“Aujourd’hui, le Foyer anderlechtois est un modèle de bonne gouvernance”
Le Foyer anderlechtois est ciblé par des critiques récurrentes ces derniers mois. Les conclusions d’un audit mené en 2025 par la SLRB, son organisme de tutelle, sur l’exercice 2024, dresse un consat sévère et notamment l’omniprésence de son président Lotfi Mostefa. Il s’explique dans Bonjour Bruxelles, et répète que tout “est solutionné” ou “en cours de normalisation“: “aujourd’hui que le Foyer anderlechtois est un modèle de bonne gouvernance”.

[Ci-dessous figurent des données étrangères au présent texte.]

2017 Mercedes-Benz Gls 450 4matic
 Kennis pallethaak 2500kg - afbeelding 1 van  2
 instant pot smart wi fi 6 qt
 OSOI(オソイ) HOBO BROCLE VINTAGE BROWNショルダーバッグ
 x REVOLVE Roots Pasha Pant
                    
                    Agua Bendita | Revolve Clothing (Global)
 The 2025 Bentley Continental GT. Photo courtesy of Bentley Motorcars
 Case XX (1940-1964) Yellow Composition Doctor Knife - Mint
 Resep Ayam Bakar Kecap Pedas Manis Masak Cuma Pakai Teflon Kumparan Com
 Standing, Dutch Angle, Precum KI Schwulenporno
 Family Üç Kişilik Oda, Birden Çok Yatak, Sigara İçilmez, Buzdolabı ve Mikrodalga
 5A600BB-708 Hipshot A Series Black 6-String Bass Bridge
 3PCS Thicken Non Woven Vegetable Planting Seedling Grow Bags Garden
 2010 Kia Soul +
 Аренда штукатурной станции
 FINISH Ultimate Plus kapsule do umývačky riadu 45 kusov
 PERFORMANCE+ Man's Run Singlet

Une confusion des rôles au sein du Conseil d’Administration, de la présidence et de la direction générale est notamment pointée par l’audit. “C’est une photographie de l’époque, de la situation telle que je l’ai trouvée en 2020“, répond Lotfi Mostefa. “Et d’ailleurs la moitié des recommandations ont été solutionnée et ce n’est pas moi qui le dis, ce sont les auditeurs. Je suis peut-être hyper-présent, mais je préfère qu’on m’accuse d’être un mandataire public omniprésent que d’être un mandataire absent. Je pense par contre qu’il faut clarifier le cadre dans lequel moi et le directeur général, tout ça est en cours de suivi, donc ce n’est pas un risque de bonne gouvernance.”
► Lire aussi | Les dérives du Foyer anderlechtois mises au jour dans un audit
“L’audit dit tout simplement qu’il y a un président qui est actif, qui est omniprésent, parce qu’il y a des processus qui manquent, des procédures qui ne sont pas présentes,” poursuit le président du Foyer anderlechtois. “Un cas concret, par exemple. Ce week-end, un des locataires m’appelle parce qu’il n’y a pas de système de garde, il y a encore des questions qui doivent être débattues avec les syndicats. Donc effectivement, quand des personnes n’ont pas d’eau chaude, quand l’ascenseur est en panne, le réflexe naturel c’est d’appeler le président. Donc oui, j’ai de l’empathie pour les locataires, j’ai de l’empathie pour les citoyens. Si on peut dire, c’est de l’omniprésence. Oui, effectivement, je suis hyper hyperactif, mais tout ça est en cours de normalisation. On est en train de réformer le cadre.”
“50% solutionné, 40% en cours”
Le volet des achats et des factures du quotidien était particulièrement critiqué. L’audit évoquait des procédures partielles et peu claires, avec des délégations de signature mal définies pour les dépenses inférieures à 30.000 euros. La mise en place d’un nouveau système de gestion devrait toutefois améliorer la traçabilité. “Je peux vous dire aujourd’hui que le Foyer anderlechtois est un modèle de bonne gouvernance parce que tout ça a été solutionné depuis 2024. Un nouvel outil informatique a été mis en place. Les équipes travaillent d’arrache-pied“, répond Lotfi Mostefa. “Il y a un plan d’action qui est en route pour 2026 ( …) J’ai moi-même demandé à clarifier certaines procédures, à créer certains nouveaux process et tout ça est en cours de suivi. 50 % ont été solutionnés, 40 % sont en cours d’être planifiés. Cela prouve que nos équipes travaillent bien sur le processus et le suivi et un plan d’action également.”
► Lire aussi | Foyer anderlechtois : un comité de dérogation jugé illégal par la SLRB
“La question des loyers impayés, c’est aussi solutionné. L’audit lui-même dit que le foyer est en phase de transformation. On est passé d’une société sous pression à une société, quand même, il faut le rappeler, où on construit plus de 1000 logements, donc c’est un tiers des logements en Région bruxelloise qui sont sur les épaules du Foyer. Lorsque je suis arrivé comme président en 2020, j’avais comme objectifs de continuer à rénover les logements existants, construire du logement social supplémentaire et remettre de l’ordre. Tout ça est en bonne voie.”
La N-VA exige que le Parlement bruxellois mette en place une commission d’enquête, “ce n’est pas une grande surprise“, pour Lotfi Mostefa, “je pense qu’ils ne sont pas très objectifs. On a été transparent de notre côté. On a divulgué l’audit de manière publique. Je vous mets au défi de trouver une société de logement qui diffuse publiquement un audit. Donc ça prouve bien qu’on est transparent et serein par rapport à tout ce qui se passe en interne. Je ne commenterai pas en tout cas les attaques politiques de certains. Moi, je me contente de répondre à une crise sociale, à une crise du logement, à des familles qui sont dans la vulnérabilité. C’est ma priorité, le reste je m’en contrefiche.”